[Dataset entries]
-------------------------
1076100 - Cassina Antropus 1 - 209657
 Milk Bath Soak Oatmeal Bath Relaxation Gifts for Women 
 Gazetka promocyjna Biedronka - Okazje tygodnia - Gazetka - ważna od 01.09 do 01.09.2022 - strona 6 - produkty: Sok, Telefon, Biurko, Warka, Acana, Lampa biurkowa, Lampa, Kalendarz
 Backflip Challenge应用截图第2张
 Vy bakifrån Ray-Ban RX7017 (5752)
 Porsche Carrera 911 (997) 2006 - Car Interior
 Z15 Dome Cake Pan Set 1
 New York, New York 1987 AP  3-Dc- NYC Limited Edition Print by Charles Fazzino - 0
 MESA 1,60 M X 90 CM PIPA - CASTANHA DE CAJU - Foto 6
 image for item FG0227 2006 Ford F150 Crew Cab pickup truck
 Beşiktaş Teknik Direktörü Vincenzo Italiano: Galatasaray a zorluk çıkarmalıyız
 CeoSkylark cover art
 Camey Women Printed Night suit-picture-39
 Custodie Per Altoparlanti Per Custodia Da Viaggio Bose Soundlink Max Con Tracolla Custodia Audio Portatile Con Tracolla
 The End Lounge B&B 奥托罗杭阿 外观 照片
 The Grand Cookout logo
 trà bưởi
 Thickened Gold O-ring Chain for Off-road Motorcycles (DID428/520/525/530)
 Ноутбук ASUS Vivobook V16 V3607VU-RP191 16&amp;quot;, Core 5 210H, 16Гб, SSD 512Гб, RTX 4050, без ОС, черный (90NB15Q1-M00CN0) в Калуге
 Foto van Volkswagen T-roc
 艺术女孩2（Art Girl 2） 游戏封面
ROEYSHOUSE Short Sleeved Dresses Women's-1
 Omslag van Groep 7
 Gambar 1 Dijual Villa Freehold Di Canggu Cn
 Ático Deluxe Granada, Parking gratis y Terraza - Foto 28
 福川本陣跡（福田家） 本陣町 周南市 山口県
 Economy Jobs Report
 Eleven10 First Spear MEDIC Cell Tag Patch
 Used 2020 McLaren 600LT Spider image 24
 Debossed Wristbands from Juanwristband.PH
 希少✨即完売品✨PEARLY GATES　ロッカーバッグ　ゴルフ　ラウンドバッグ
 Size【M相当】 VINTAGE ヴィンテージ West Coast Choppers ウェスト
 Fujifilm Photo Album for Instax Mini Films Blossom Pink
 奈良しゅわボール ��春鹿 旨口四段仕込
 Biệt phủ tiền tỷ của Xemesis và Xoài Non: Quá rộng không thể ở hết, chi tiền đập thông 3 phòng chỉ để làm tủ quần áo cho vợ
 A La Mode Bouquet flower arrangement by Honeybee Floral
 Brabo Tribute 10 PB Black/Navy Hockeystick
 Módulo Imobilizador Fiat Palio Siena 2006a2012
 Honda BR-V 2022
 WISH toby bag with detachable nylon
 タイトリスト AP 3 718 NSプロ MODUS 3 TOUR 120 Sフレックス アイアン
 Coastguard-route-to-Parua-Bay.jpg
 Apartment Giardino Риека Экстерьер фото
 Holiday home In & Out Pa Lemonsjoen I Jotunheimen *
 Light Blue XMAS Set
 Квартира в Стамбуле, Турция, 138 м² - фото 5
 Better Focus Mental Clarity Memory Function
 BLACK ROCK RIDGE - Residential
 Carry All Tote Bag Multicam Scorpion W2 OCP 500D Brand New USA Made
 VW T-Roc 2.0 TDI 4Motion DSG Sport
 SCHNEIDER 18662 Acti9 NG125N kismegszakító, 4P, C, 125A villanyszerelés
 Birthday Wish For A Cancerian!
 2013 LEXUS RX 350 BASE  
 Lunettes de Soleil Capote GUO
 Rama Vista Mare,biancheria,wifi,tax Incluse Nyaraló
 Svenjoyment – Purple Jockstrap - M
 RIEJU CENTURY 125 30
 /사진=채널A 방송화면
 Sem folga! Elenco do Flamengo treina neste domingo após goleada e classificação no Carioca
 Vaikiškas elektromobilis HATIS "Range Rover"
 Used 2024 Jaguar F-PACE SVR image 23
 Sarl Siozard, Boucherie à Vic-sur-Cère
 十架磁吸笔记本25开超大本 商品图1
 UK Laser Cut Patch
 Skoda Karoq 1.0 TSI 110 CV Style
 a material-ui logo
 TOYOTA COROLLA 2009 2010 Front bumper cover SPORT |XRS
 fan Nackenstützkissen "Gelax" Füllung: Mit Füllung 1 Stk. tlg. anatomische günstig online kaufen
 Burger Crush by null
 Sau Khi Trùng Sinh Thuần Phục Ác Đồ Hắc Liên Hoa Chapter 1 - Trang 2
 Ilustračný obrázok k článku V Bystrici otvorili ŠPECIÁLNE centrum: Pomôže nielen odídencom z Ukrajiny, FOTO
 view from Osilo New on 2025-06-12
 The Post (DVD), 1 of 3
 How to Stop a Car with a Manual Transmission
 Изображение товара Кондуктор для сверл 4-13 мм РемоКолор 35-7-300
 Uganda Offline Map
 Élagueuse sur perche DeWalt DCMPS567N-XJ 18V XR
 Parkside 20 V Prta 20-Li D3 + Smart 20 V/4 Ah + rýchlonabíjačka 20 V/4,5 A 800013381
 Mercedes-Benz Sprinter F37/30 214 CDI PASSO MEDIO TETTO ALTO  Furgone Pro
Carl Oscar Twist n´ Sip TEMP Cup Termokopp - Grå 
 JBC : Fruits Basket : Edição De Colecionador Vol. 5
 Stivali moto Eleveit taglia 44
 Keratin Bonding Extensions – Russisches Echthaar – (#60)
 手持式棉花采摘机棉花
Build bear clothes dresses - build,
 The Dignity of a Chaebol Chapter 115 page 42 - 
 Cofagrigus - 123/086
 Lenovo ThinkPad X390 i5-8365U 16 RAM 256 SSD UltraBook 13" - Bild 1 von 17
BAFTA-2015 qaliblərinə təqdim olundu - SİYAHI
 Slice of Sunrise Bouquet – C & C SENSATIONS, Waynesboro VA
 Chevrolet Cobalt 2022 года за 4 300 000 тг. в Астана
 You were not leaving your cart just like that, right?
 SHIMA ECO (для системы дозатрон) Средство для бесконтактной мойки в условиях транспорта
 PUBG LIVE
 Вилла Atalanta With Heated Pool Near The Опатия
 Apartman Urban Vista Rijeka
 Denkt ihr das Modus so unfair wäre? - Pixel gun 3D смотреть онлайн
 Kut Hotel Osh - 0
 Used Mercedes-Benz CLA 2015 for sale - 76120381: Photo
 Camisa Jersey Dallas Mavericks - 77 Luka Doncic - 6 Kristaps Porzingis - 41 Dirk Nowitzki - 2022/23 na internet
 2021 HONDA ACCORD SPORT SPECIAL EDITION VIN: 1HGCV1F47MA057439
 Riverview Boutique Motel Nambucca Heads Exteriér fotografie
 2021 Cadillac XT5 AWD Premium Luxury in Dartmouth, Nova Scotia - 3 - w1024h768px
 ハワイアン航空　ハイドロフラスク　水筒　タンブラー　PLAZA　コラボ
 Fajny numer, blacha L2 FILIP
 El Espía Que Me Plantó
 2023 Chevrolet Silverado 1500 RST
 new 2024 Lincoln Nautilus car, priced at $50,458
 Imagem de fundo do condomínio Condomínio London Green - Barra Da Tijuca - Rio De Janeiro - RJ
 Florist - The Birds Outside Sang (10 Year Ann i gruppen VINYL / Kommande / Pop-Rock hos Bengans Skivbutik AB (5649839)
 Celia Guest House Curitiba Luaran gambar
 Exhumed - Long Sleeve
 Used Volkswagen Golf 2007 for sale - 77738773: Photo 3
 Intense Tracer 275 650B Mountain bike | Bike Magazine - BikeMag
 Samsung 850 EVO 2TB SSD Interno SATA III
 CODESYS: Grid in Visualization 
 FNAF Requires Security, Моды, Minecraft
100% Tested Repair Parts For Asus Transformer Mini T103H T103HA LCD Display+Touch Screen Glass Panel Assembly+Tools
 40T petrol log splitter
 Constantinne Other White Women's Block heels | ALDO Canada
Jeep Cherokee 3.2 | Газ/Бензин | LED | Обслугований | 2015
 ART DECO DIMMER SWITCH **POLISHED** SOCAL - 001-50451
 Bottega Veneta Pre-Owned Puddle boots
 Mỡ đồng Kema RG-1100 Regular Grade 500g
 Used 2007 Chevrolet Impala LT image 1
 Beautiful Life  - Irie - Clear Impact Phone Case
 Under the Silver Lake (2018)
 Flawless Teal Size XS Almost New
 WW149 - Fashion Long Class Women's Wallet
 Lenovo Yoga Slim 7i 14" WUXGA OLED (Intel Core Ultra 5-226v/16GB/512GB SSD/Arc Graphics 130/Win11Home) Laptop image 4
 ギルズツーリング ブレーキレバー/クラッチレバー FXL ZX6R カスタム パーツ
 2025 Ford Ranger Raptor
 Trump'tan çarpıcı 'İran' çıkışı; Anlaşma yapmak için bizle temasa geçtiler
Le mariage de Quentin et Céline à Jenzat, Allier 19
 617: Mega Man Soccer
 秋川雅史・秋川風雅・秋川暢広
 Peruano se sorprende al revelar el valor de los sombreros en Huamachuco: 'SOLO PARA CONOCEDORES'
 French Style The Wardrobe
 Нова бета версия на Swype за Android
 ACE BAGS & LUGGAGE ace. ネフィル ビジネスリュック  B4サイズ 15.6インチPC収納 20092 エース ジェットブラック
-------------------------
» Work instructions
Take exactly the lines from the one containing "SHIMA ECO (для" through the one containing "Used Mercedes-Benz CLA" in the data above, and output them with nothing added.

» Output below
 SHIMA ECO (для системы дозатрон) Средство для бесконтактной мойки в условиях транспорта
 PUBG LIVE
 Вилла Atalanta With Heated Pool Near The Опатия
 Apartman Urban Vista Rijeka
 Denkt ihr das Modus so unfair wäre? - Pixel gun 3D смотреть онлайн
 Kut Hotel Osh - 0
 Used Mercedes-Benz CLA 2015 for sale - 76120381: Photo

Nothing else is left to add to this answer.